▶ _What to do_:
Print the whole listing below exactly, skipping every picture.

▶ _Material provided_:
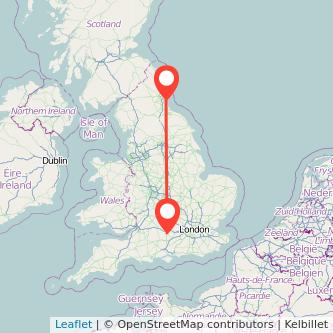 Sunderland Newbury train map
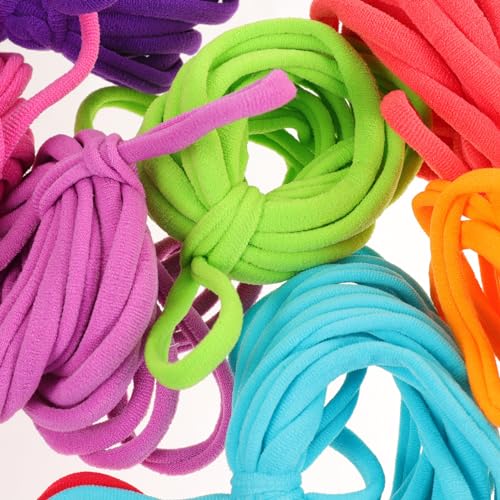 VICASKY 192pcs Loom Weaving Craft Loop Refill Elastic Potholder Loop Multiple Colors Stretchy Braided Rope for Christmas DIY Crafts Supplies Weaving VICASKY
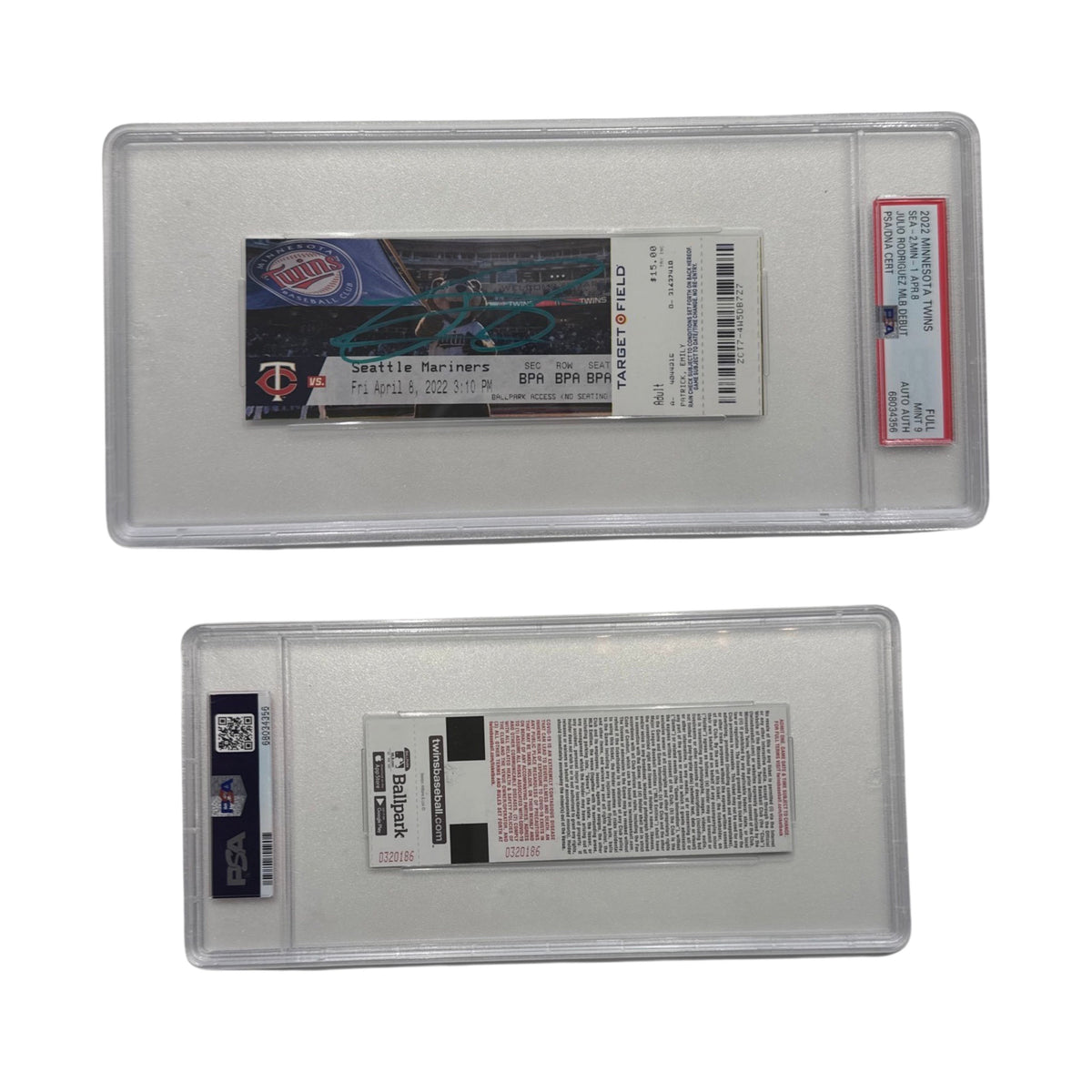 2022 Minnesota Twins Ticket Stub Sea -2, Min - 1 Apr. 8 Julio Rodriguez MLB Debut Mint 9 PSA Auto Authentic product image 1,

▶ _Response area_:
 Sunderland Newbury train map
 VICASKY 192pcs Loom Weaving Craft Loop Refill Elastic Potholder Loop Multiple Colors Stretchy Braided Rope for Christmas DIY Crafts Supplies Weaving VICASKY
 2022 Minnesota Twins Ticket Stub Sea -2, Min - 1 Apr. 8 Julio Rodriguez MLB Debut Mint 9 PSA Auto Authentic product image 1,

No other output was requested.